La vague Fortuyn a donc surtout sanctionné l'aveuglement des poids lourds de la politique néerlandaise : si leur utilisation de potiches ethniques ou sexuelles a pu faire parfois illusion, ce n'est désormais plus le cas. Les électeurs ne sont pas obsédés par les identités de leurs représentants : la passion de Rotterdam pour Fortuyn, grande folle assumée racontant à la télévision son goût pour le sperme et les prostitués marocains, le prouve. Cependant, s'il est devenu «normal» que les minorités soient visibles, leur absence des instances de décision souligne cruellement les tendances incestueuses de la classe dirigeante néerlandaise.

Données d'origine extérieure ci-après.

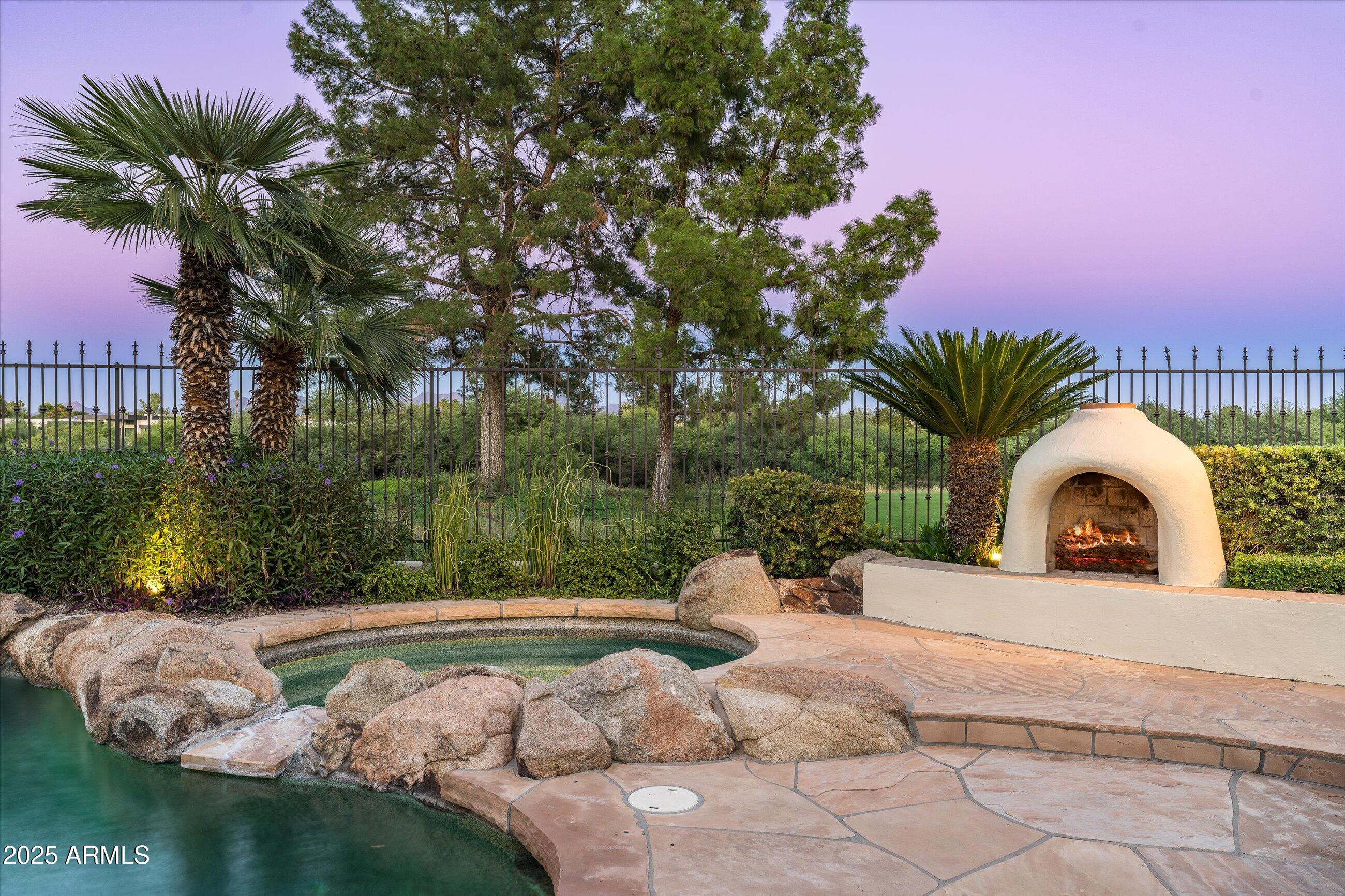 HIDDEN PARADISE - Residential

Bien sûr, on va nous dire que la République française ne reconnaît pas l'origine ethnique ou l'orientation sexuelle des citoyens, que la tradition républicaine impose de faire fi des considérations d'ordre privé. Certes, mais n'est-ce pas plutôt étrange que si peu de femmes, de gays déclarés ou d'enfants d'immigrés ne soient présents en politique à Paris ? Quel est donc ce sort étrange qui frappe les minorités en France et les empêche de participer à la politique ?

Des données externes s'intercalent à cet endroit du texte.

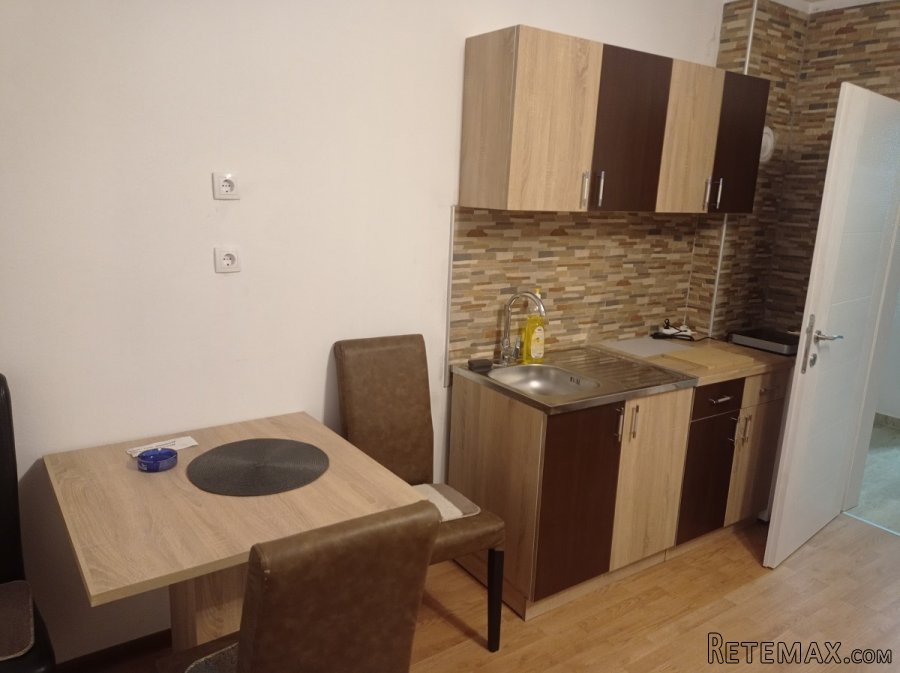 Stambeni objekat sa 7 stanova,glavna ulica Sremska Mitrovica - 7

La place accordée dans la presse française aux origines ethniques de Tokia Saïfi, ou l'orientation sexuelle de Bertrand Delanoë, montre qu'il y a une incroyable fascination pour leurs divergences identitaires. Dans un pays qui s'affirme aveugle aux particularismes privés, cela ne peut manquer de surprendre. Le caractère unique de Saïfi ou Delanoë illustre avant tout l'écart de leur identité personnelle à la norme en politique. Et c'est en cela que l'universalisme à la française est dans l'impasse : comment un peuple aussi divers que le peuple français peut-il se reconnaître dans des représentants mâles-blancs-bourgeois-hétérosexuels dans leur écrasante majorité ? On nous raconte encore et toujours que les particularismes doivent être bannis. Mais cette identité «universelle» n'est-elle pas un particularisme en soi ?

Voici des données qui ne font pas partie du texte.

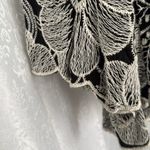 Solitaire  EMBROIDERED TOP SZ: L/XL Photo 5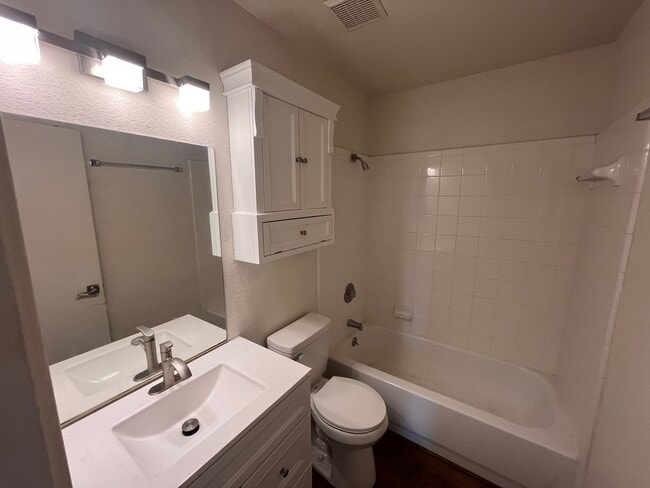 Building Photo - AVAILABLE NOW; APPLY AT OUR WEBSITE TODAY!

Le désaveu que vient de subir la classe politique néerlandaise ne veut pas dire que les ouvertures identitaires pratiquées depuis plusieurs années vis-à-vis des minorités ne sont pas viables, mais qu'une ouverture physique sans véritable partage du pouvoir ne fait pas longtemps illusion. Une «Beurette» au gouvernement français, c'est très bien, mais il va maintenant falloir ouvrir l'Assemblée nationale, le Sénat, les conseils d'administration et les médias aux minorités, aussi bien ethniques que sexuelles ou religieuses. C'est la leçon néerlandaise : la crise relativement similaire qu'ont vécue les deux pays peut aussi être analysée du point de vue de la représentation des minorités. Une représentation décorative des minorités a de grandes chances d'être perçue comme telle. Présence physique sans pouvoir politique n'est que mascarade de démocratie.